Che sia la poesia questa scintilla di bello? Io credo di sì.

LA POESIA CI SEPPELLIRÀ
La poesia non è morta resiste io dico avvinghiata ferocemente al quotidiano pane necessario in gesti piccoli significanti ispirazione espirazione traspirazione poi galleggiare come stronzi nel mare dell’Ilva.
La poesia va contro il tempo e non va più di moda ti chiede un attimo per sé come una vecchia fidanzata e tu non puoi più darglielo ho altro da fare le dici nuova carne da infettare il futuro è in mano nostra lo vedi.
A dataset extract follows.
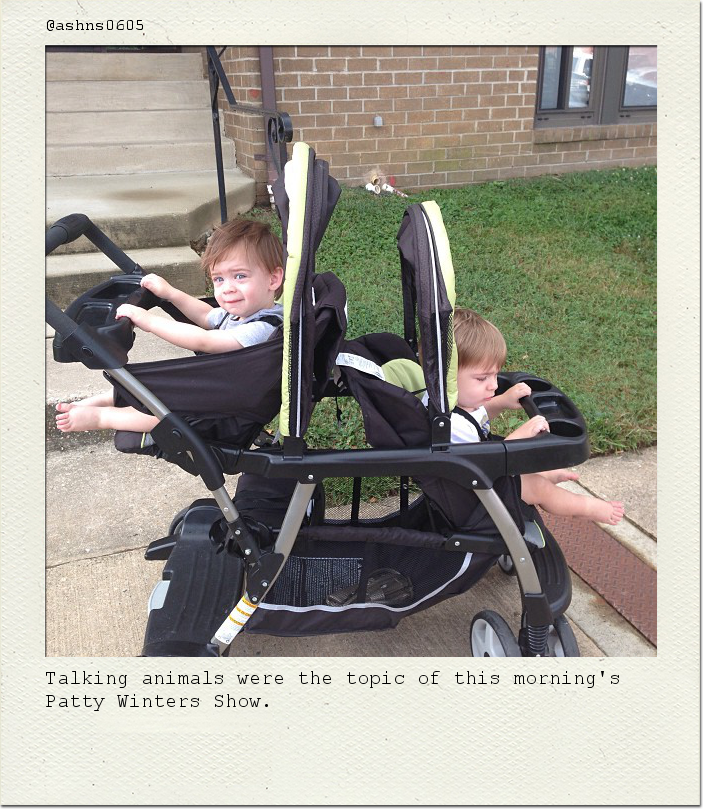 Talking animals were the topic of this morning's Patty Winters Show.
Chiaramente, il poeta riflette su sé stesso e su quelli (più o meno) come lui: gli altri poeti, i letterati, gli scrittori, gli altri editori. E le parole che ha non sono dolci nei loro (suoi?) confronti: vengono chiamati “eunuchi” perché reclamano una cattedra nel mondo riciclando sistemi collaudati senza un briciolo d’idea, gente che scrive e pubblica “paccottiglia” e che ti fa passare la voglia di scrivere e di entrare nelle librerie, gente che non è altro che un parassita, poetico o non, e che non sa più «quanto di sincero v’era in loro, morti e già dimenticati persino nel respiro.»


Al ribrezzo per la propria razza di scrivente si accompagna il senso di distinzione dagli altri e l’impossibilità di esser compresi, valido per tutti. Un sentimento tipico di questo poeta e che ritroviamo in Bonsai:«Tagliare i rami secchi e farla finita con le illusioni. Una pianta da vaso non è meno felice di quella nel bosco: entrambe tendono al cielo e nessuna lo tocca. Siamo tutti sconfitti in partenza. E piangere o ridere non cambia la realtà delle cose. Quindi, perché non ridere? Perché il poco non mi basta e se non tocco il cielo non sono contento. O tutto o nulla. E se non posso avere tutto, allora non voglio nulla.»

L’insoddisfazione. Sentimento della prima maturità e comunissimo tra i meridionali. Ma queste poesie non sono solo lamenti, anzi: ciò che vi colgo è un bellissimo grido di sveglia, per tutti quelli che sono intorno, per tutti quelli che vivono a metà la propria vita, per tutti quelli che stanno solo a guardare o al massimo si limitano a dire:«Io sono vittima, come te, delle parole degli altri».
Siamo bestie, ma indossiamo fiori, pur non rendendocene conto.